Masyarakat tradisi melahirkan kesenian tradisi. Di sini tubuh menjadi media untuk mengkomunikasikan nilai-nilai tertentu yang mereka jadikan pedoman hidup. Para ahli menyebutnya sebagai nilai budaya. Pencarian dan penemuan elemen-elemen artistik tubuh sudah terjadi di sini. Tetapi yang menjadi fokus/penekanan adalah nilai-nilai budaya, bukan tubuh. Masyarakat tradisi berhasil menemukan elemen-elemen artistik tubuh (bentuk dan gerak) yang kuat karakter dan ciri khususnya. Gerak ini mereka jadikan penanda/bagian dari identitas budaya mereka.
Para ahli antropologi mengatakan bahwa eksistensi nilai budaya bergantung pada FUNGSI. Maka pertanyaan pertama adalah masihkah nilai-nilai budaya berfungsi untuk masyarakat Indonesia hari ini? Jika ya, apakah seni tradisi masih berfungsi mengekspresikan nilai-nilai tersebut? Atau apakah fungsinya sudah bergeser menjadi komoditi pariwisata maupun industri hiburan atau menjadi "pajangan memori" (hadir, dipertunjukkan pada waktu-waktu tertentu untuk membangkitkan memori dan mengobati kerinduan pendukungnya. Sebagian orang menyebutnya seni klangenan).

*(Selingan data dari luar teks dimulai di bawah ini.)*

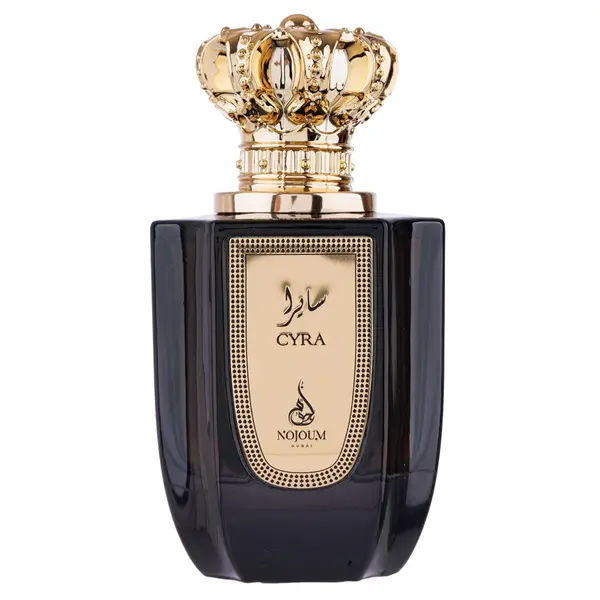 Apa de Parfum Cyra, Nojoum, Unisex 100ml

Masih banyak kesenian yang hadir dalam upacara-upacara ritual masyarakat. Di sini peristiwa tersebut menunjukkan fungsi peneguhan nilai-nilai budaya masyarakat pendukungnya. Sebagai komoditi pariwisata, kesenian tradisi menjalankan fungsinya sebagai alat politik penunjuk identitas negara maupun alat penghasil devisa (fungsi ekonomi). Ada satu fungsi yang belum saya sebutkan di sini, yaitu seni tradisi sebagai alat pencari nafkah bagi kelompoknya. Sepengetahuan saya hal ini masih dilakukan oleh beberapa kelompok seni pertunjukan tradisi Betawi, Sunda, Jawa Tengah, Jawa Timur, Madura. Mereka mengadakan pertunjukan dengan berkeliling. Di kota-kota besar, mereka mempunyai tempat pertunjukan sendiri.

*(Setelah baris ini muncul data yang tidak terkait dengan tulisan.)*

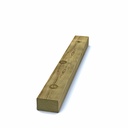 Nordix TerraGuard™ balk 50x75mm geschaafd (45x70mm), C14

Pada masyarakat tradisi pemakaian gerak sebagai simbol ekspresi komunal dimaksudkan untuk diabadikan di sepanjang waktu karena nilai-nilai yang ia usung menjangkau waktu yang panjang.
2. Tubuh Urban
Beberapa kota di Indonesia telah tumbuh menjadi sebuah wilayah yang terdiri dari beragam kelompok masyarakat yang datang dari berbagai daerah di luar kota tersebut. Semua saling membaur, tidak ada yang dominan, menjalani kehidupan bersama-sama tanpa kehilangan karakter masing-masing. Maka kota-kota tersebut dikenal dengan kota urban. Kota-kota yang masuk dalam kategori ini (atau sedang berproses menuju ke arah itu) antara lain Medan, Batam, Jakarta, Bandung, Solo, Jogja, Surabaya dan Denpasar.

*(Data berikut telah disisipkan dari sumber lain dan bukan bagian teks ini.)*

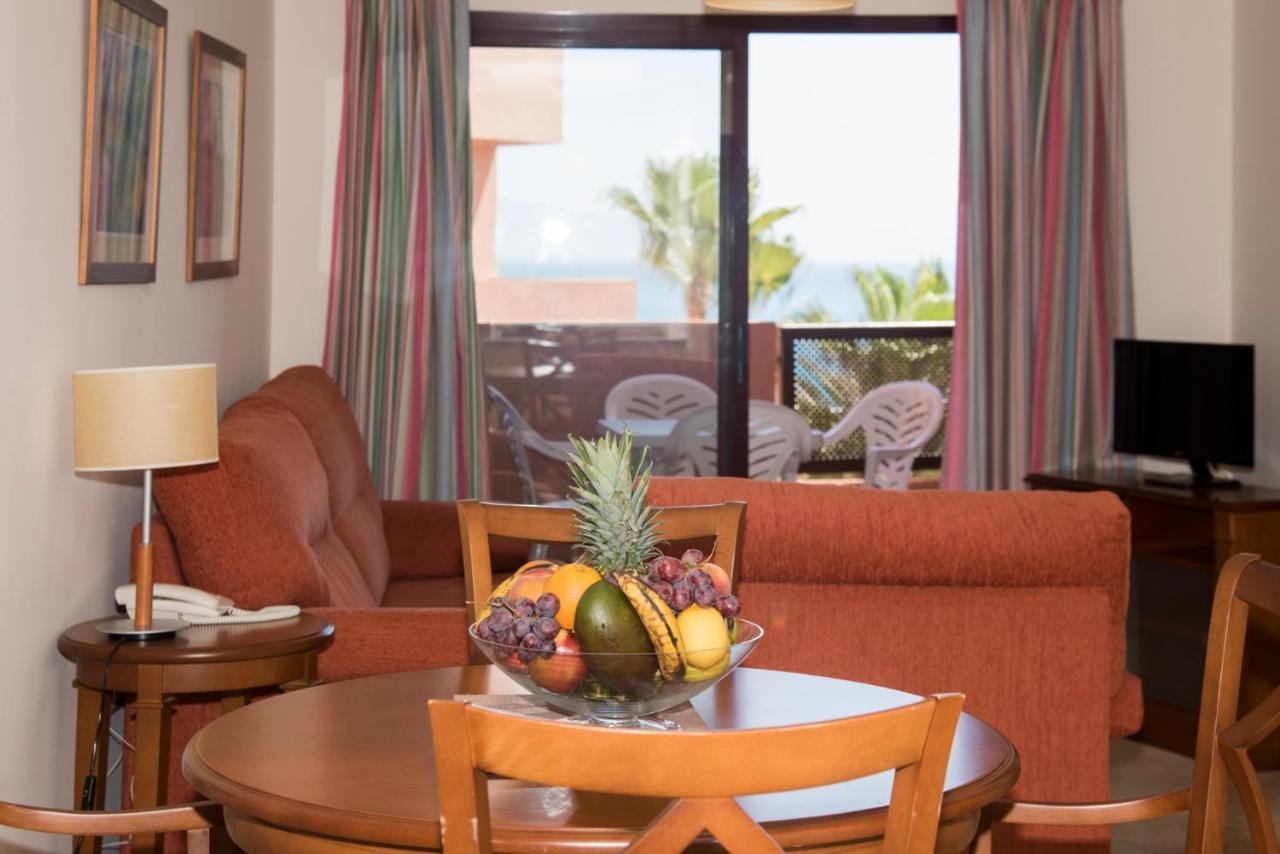 Apartamentos Don Juan Manilva Kültér fotó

Kebersamaan masyarakat di wilayah urban melahirkan budaya urban. Ciri-ciri budaya urban antara lain plural, terbuka, dinamis. Kesenian (tari) di dalam masyarakat urban adalah kesenian yang juga memiliki ciri-ciri tersebut. Di sana hadir kesenian tradisi Indonesia (baik kesenian asli daerah setempat maupun dari luar daerah tersebut), kesenian non tradisi Indonesia (balet, tango, salsa, walz, tap dance, hiphop, breakdance, capueira, mandarin, dll), dan kesenian alternatif. Beragamnya kesenian yang ada merupakan akibat dari keterbukaan masyarakat urban terhadap segala sesuatu. Keterbukaan itu pula yang mendorong munculnya penafsiran-penafsiran baru yang melahirkan kesenian-kesenian alternatif. Kesenian alternatif merupakan kesenian yang menginterpretasikan ulang kesenian-kesenian yang sudah ada, mengolahnya dengan pendekatan dan kreativitas yang berbeda, sehingga melahirkan kesenian yang "baru".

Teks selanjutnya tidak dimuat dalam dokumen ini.